電子書籍(実は)もうかります! ちきりんの“I Love ebook”宣言(2/4 ページ)

» 2015年05月30日 07時00分 公開
[出版デジタル機構]

文章力も知名度もなくても、コンテンツさえあれば出版できる

ちきりんさん

 紙の本だと、自分の本を出版できるのは次のいずれかの条件を充たした人だけです。ひとつは「コンテンツを持っていて、自分で文章も書ける人」、もうひとつが「コンテンツと、本を売る知名度を持っている人」。後者の例は有名社長やタレントさんなどですね。知名度があれば出版社がライターを付けてくれるので、文章力は要りません。

 でも世の中には、「強力なコンテンツを持っているけれど、文章力も知名度もない」という人がたくさんいます。そういう人のコンテンツが、紙の本の世界では、広く流通しないんです。

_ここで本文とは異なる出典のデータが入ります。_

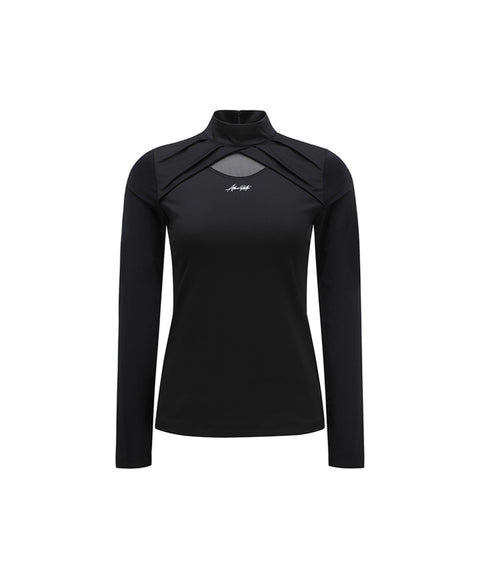 [Warehouse Sale] ANEW Golf Women's Mesh Point T-Shirt - Black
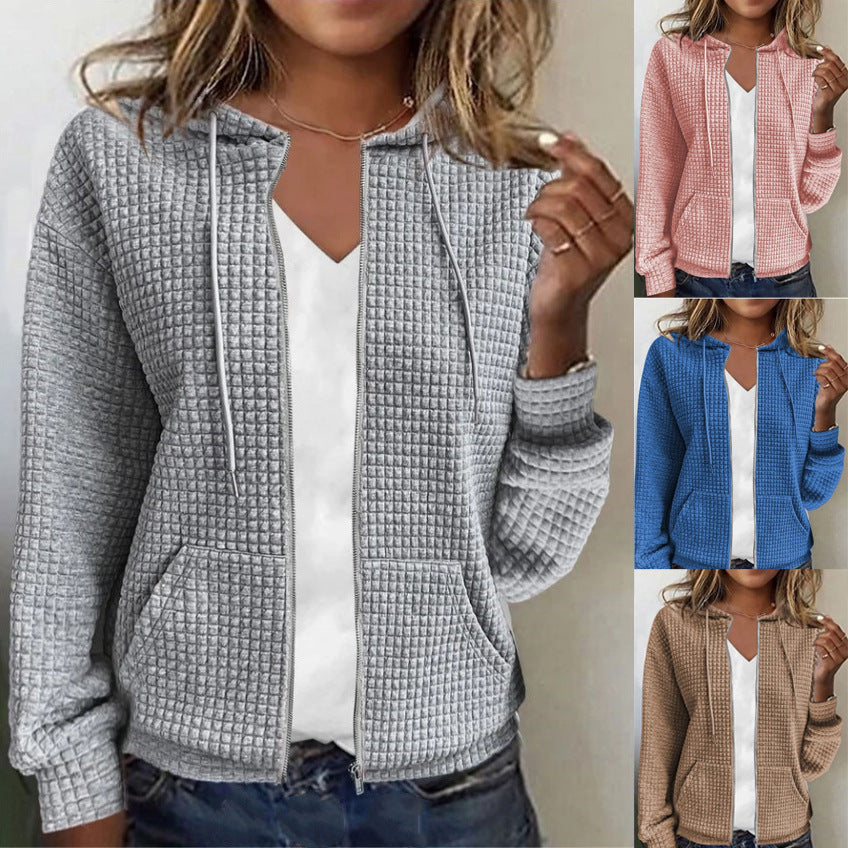 Damen Fleecejacke mit Strukturiertem Waffelmuster EB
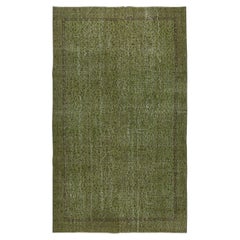 Moderner handgefertigter, floral gemusterter Teppich aus türkischer Wolle in grüner Farbe 5.2x8.7 Ft
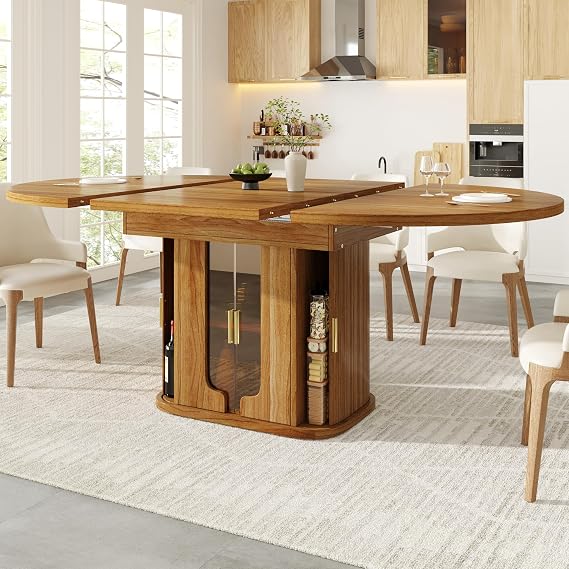 Extendable Dining Table 4-6 Seater, Round Extending Dining Table with Glass Doors, 118-158cm, Extends to Oval, Modern Kitchen Table for Living Room, Dining Room, Restaurant, Walnut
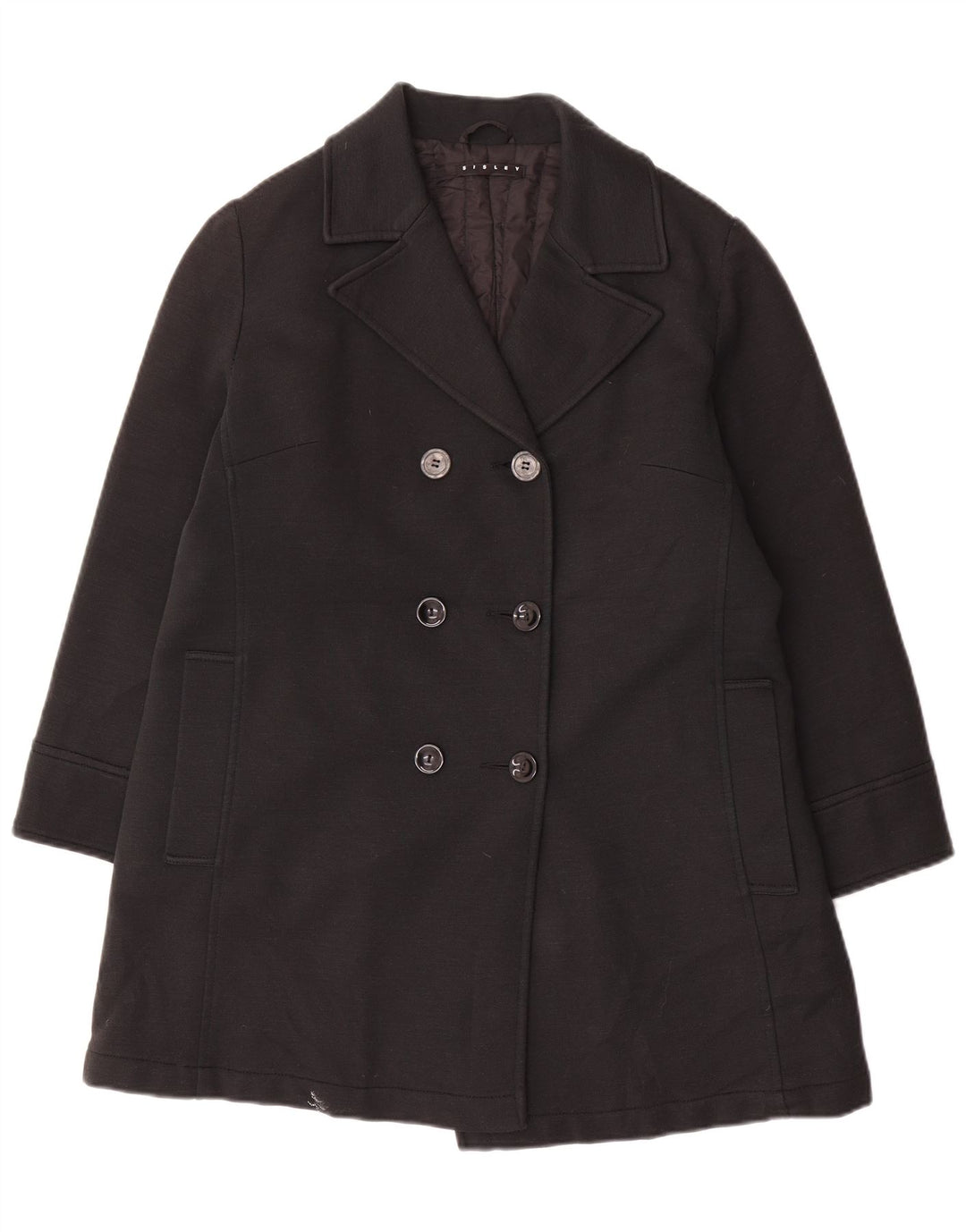Cappotto doppiopetto da donna Sisley UK 14 medio nero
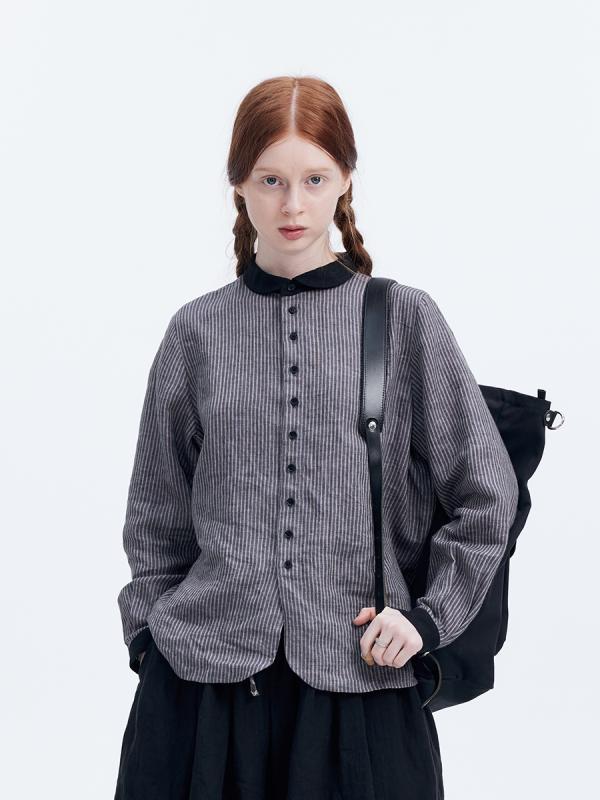 レディース　　シャツ　トップス Douwu Clothing ウォッシュド リネン ラウンドネック ピンストライプ ステッチ レディース シャツ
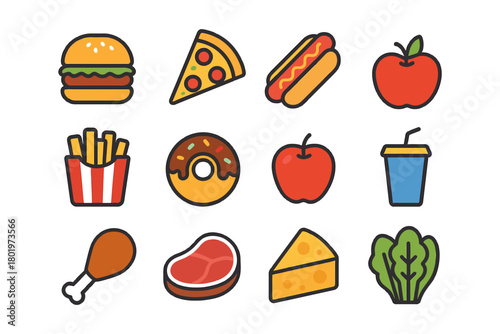 Colorful assorted fast food and fresh produce icons.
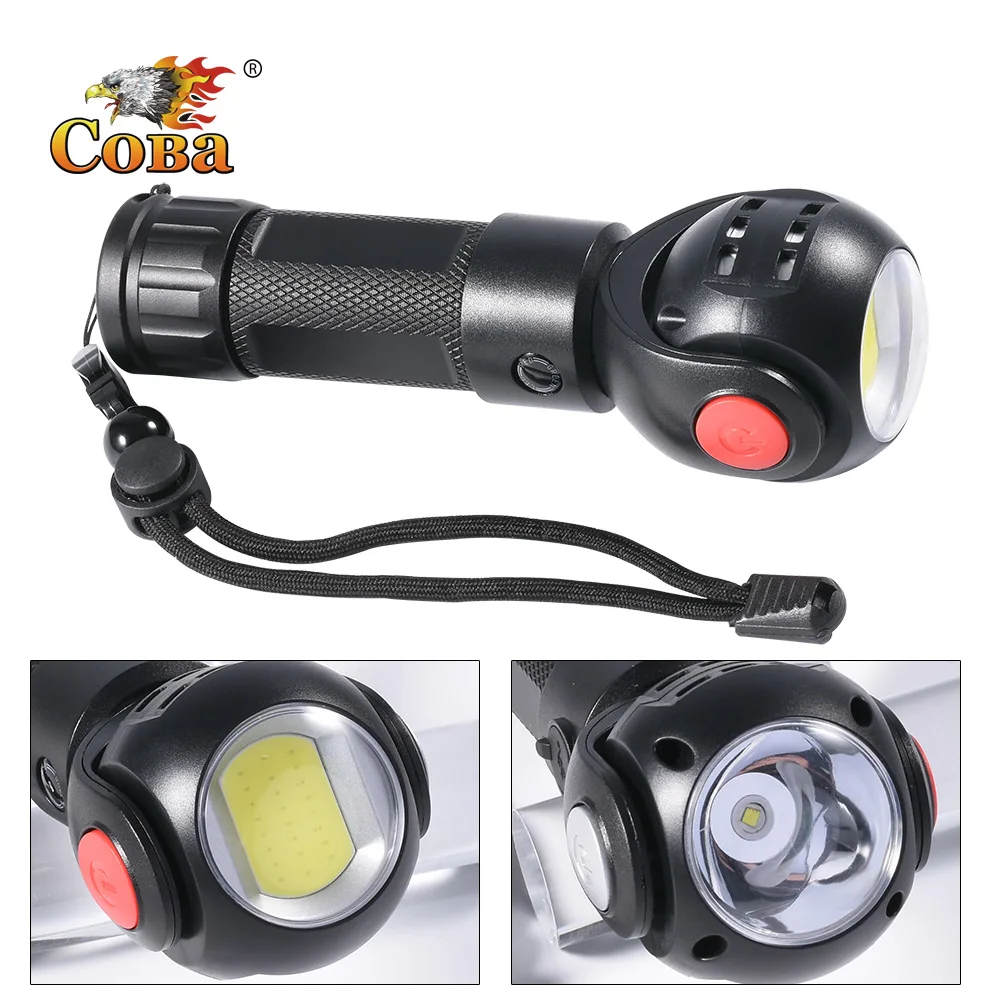 

Coba flashlight led 18650 usb rechargeable battery T6/COB bulbs camp night lights lantern torch survival in the wild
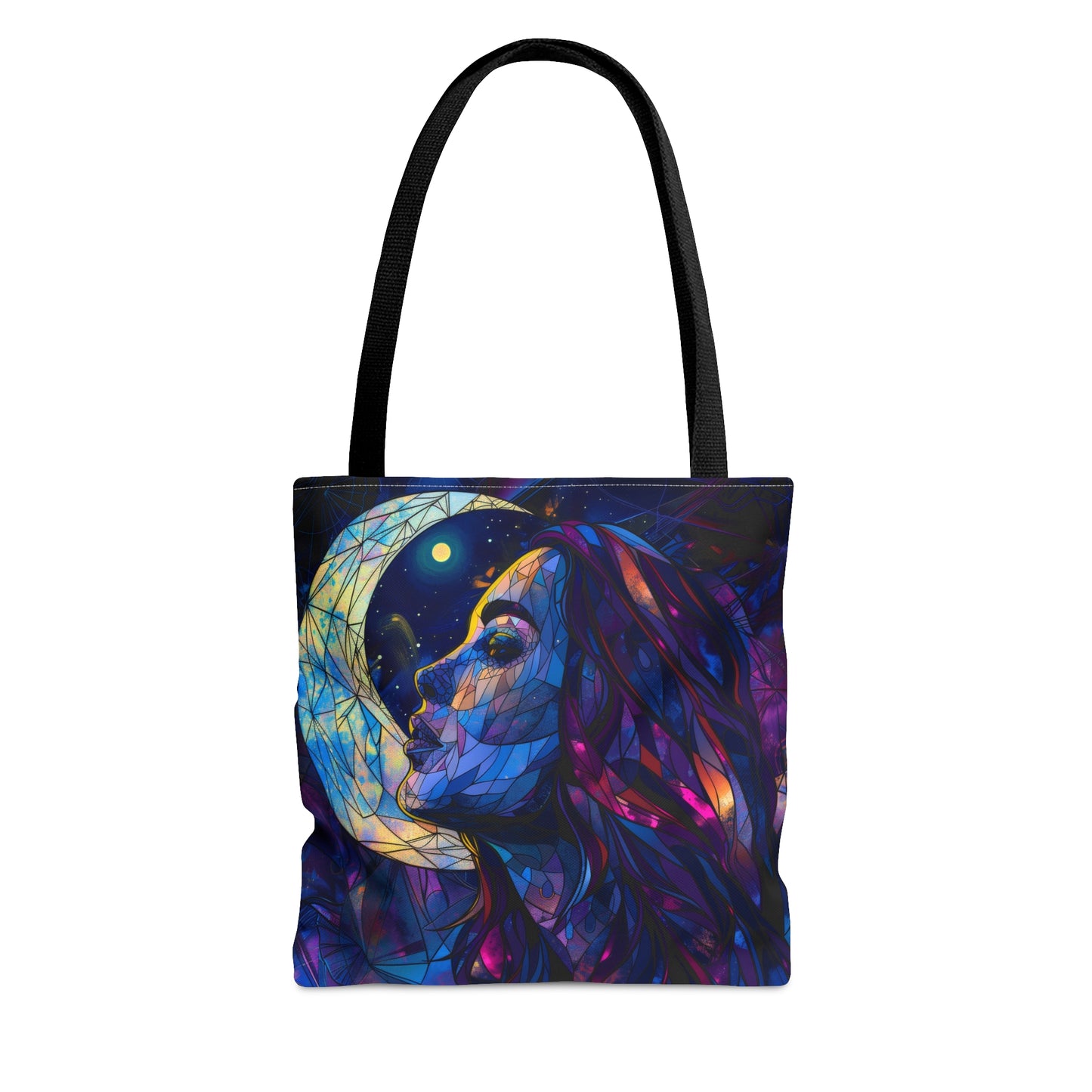 Celestial Lunar Goddess Stained Glass Tote Bag, Ethereal Night Sky Design, Artistic Carryall with Black Handles for Daily Use & Inspiration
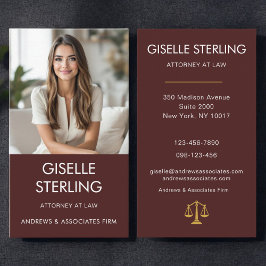 Attorney at Law Burgundy Professional Photo  Visitenkarte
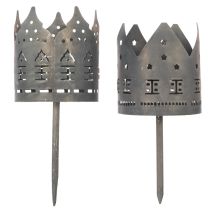 Artikel Theelichthouders met pin, huisvormige houders voor stompkaarsen, 6 cm, 2 stuks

 ところが電子書籍なら、文章化してくれる人さえ調達できれば本にできる。それだけならたいしたコストでもないし、コンテンツが強力で、ライター名が明示されるなら、実績を作りたい新人ライターさんにはいい仕事です。

 それに紙の本の場合、売れた本でも出版から3年も経てば、書店の棚から消えてしまいます。でも電子書籍なら、永久に売り続けることができる。患者数の少ない病気の闘病記など、細く長い需要があるコンテンツこそ、電子書籍として出すべきでしょう。

 私自身は2013年11月に「Chikirinの日記」の育て方」という本を電子書籍として自分で発行しました。2005年3月に始まった社会派ブログ「Chikirinの日記」の運営記ですが、現在1万ダウンロードを突破しています。出版の1年後、文藝春秋から『「自分メディア」はこう作る!  大人気ブログの超戦略的運営記』として紙の書籍化もされました。こういう「電子から紙へ」という流れも今後は増えてほしいですね。